■ Exercise description
Take the entries below and print only the lines from the one with "كيا ريو هاج باك 23🔥امريكي" through the one with "الاسيا بي واتساب", exactly as they stand, both ends included.

■ Source information
-- Opening Marker --

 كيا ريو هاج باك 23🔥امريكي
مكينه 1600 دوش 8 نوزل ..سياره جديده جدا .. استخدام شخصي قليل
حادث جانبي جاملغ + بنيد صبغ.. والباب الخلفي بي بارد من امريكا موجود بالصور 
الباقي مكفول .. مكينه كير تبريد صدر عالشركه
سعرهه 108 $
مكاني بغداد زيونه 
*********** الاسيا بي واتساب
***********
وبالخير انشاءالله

-- Closing Marker --
-- Opening Marker --

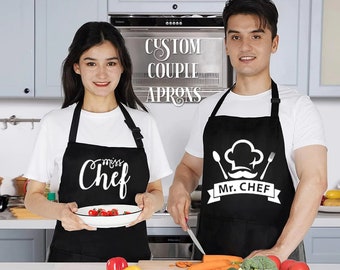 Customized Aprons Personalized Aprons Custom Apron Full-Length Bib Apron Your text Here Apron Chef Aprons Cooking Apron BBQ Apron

-- Closing Marker --
-- Opening Marker --

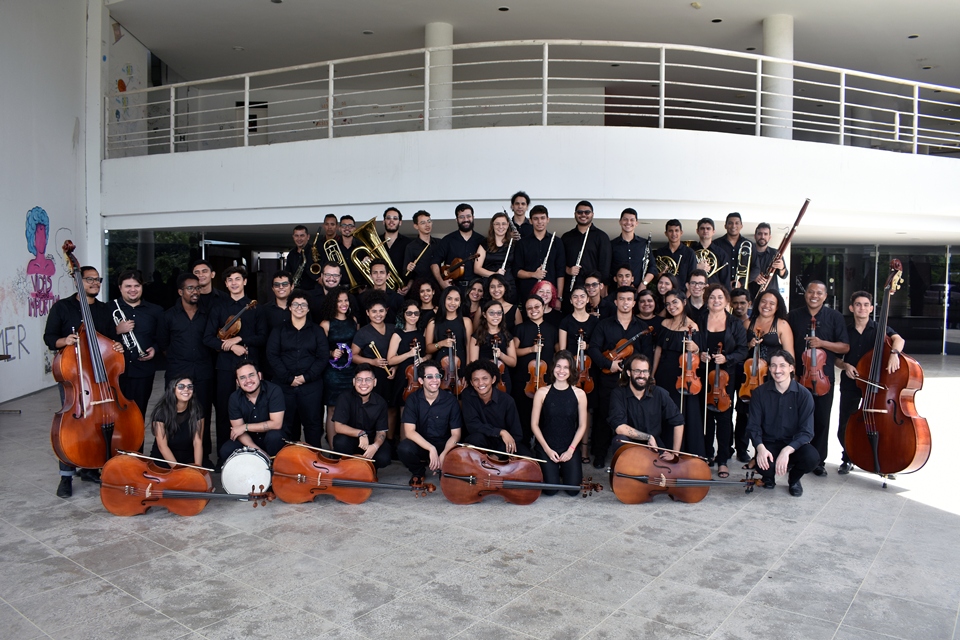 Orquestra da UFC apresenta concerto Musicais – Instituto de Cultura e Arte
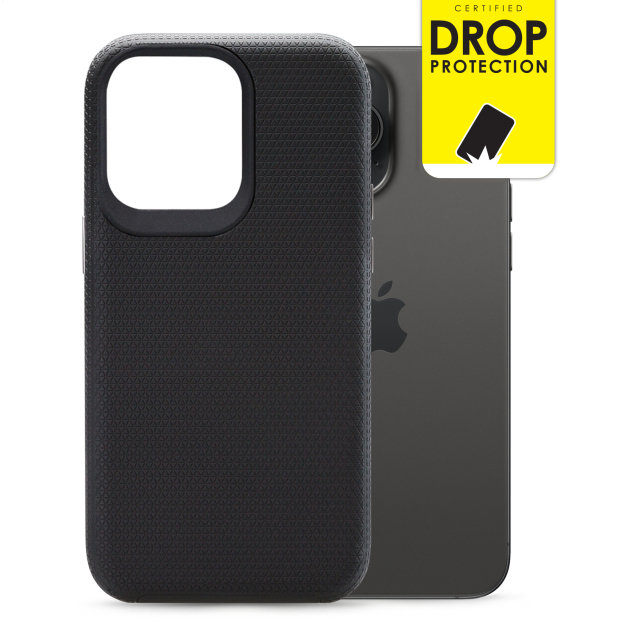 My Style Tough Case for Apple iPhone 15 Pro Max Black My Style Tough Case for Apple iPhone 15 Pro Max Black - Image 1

-- Closing Marker --

■ Written reply
 كيا ريو هاج باك 23🔥امريكي
مكينه 1600 دوش 8 نوزل ..سياره جديده جدا .. استخدام شخصي قليل
حادث جانبي جاملغ + بنيد صبغ.. والباب الخلفي بي بارد من امريكا موجود بالصور 
الباقي مكفول .. مكينه كير تبريد صدر عالشركه
سعرهه 108 $
مكاني بغداد زيونه 
*********** الاسيا بي واتساب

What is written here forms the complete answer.